A note about trials people: I turned in my scorecord as a DNF so the club wouldn't go looking for me and told the lady what I thought was a humorous "you guys kicked my butt". She actually apologized and I had to backpedal fast, "oh no, please. I had a lotta fun." As I was sitting on the motorcycle rack on the pickup recovering from all this, all kinds of folks came over and asked if I was OK. Word spreads fast in a small club like that and they don't know me from Adam. Very, very nice folks.
I rode my first motorcycle race in 1962. I didn't fall off in that one and rarely did thereafter. In thousands of racing miles I have never, say again never fallen off in two consecutive events like I have in this sport, and never at 2 mph or less.
That shit's gotta stop. This season's pretty much over, but my plan for next year will start with a simple act: as soon as this coming winter's snow melts I'm taking the cap off the Dakota. That will let me load up and go practice, practice, practice at a moment's notice instead of messin' with the rack.

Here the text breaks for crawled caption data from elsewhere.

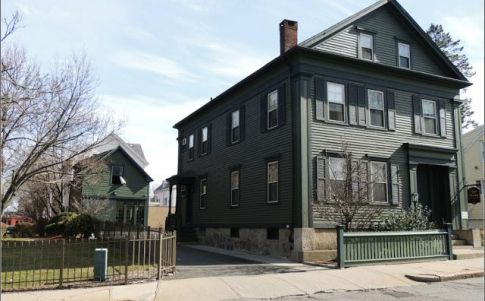 LIZZIE BORDEN BED & BREAKFAST MUSEUM, 230 2nd St, Fall River, Ma (EEUU)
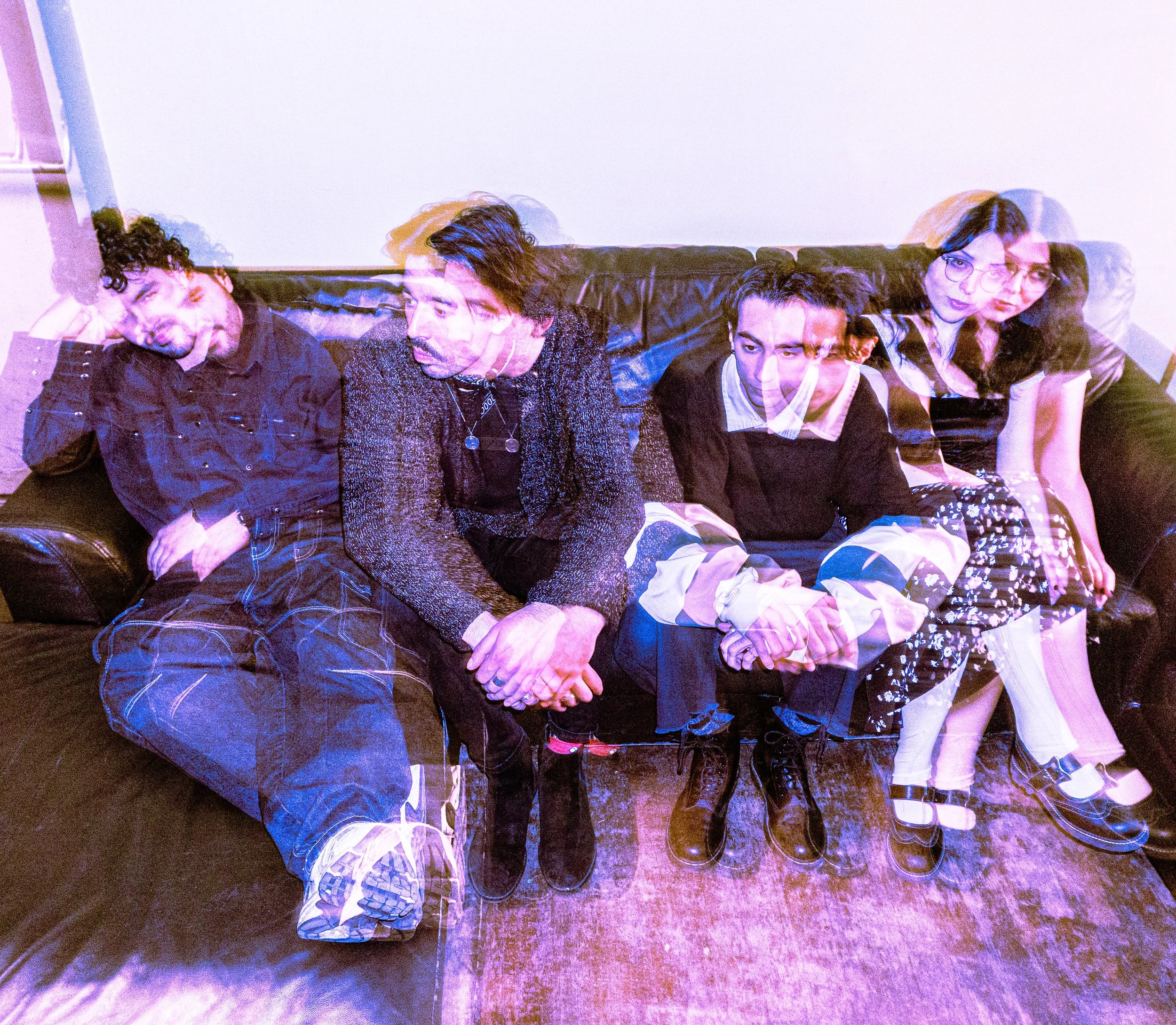 DOUR share debut album AGORA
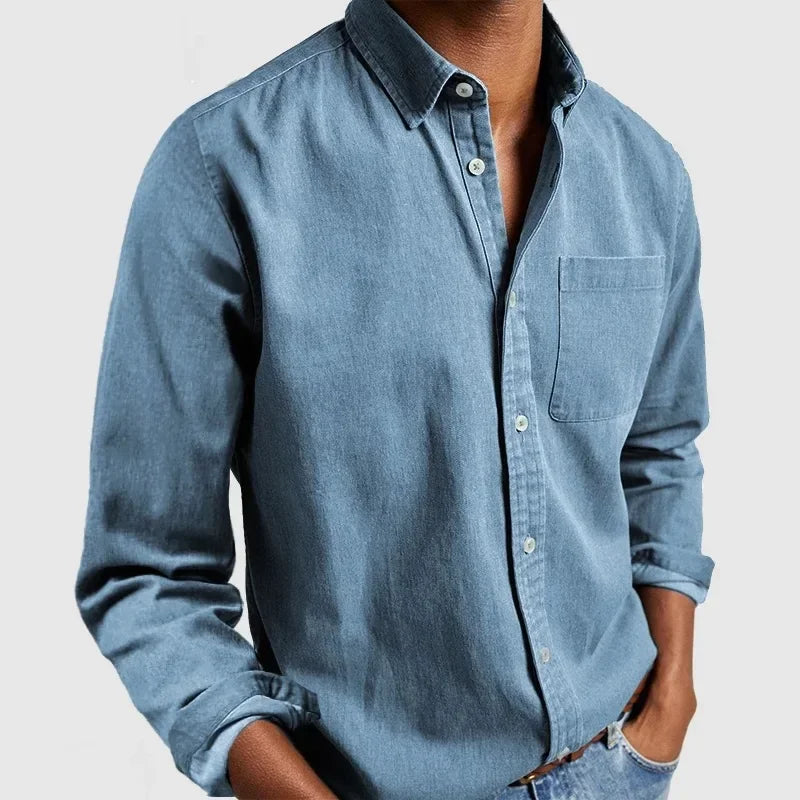 Rovanni™ Camisa Casual Premium para Hombre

This season was pretty much about riding a couple of events to see if I liked it. I do. My simple goal for next season is to finish an event and to do that I just have to ride, ride, ride the damn motorcycle until I know what it's gonna do and what I'm gonna do in a given situation and thus gain confidence and expend less energy, and since there's a level of athleticism I had not considered but which has been brought home rather sharply, to get my 'sickle-ridin' muscles (roughly from just above the knees to just off the ends of my fingertips) in shape.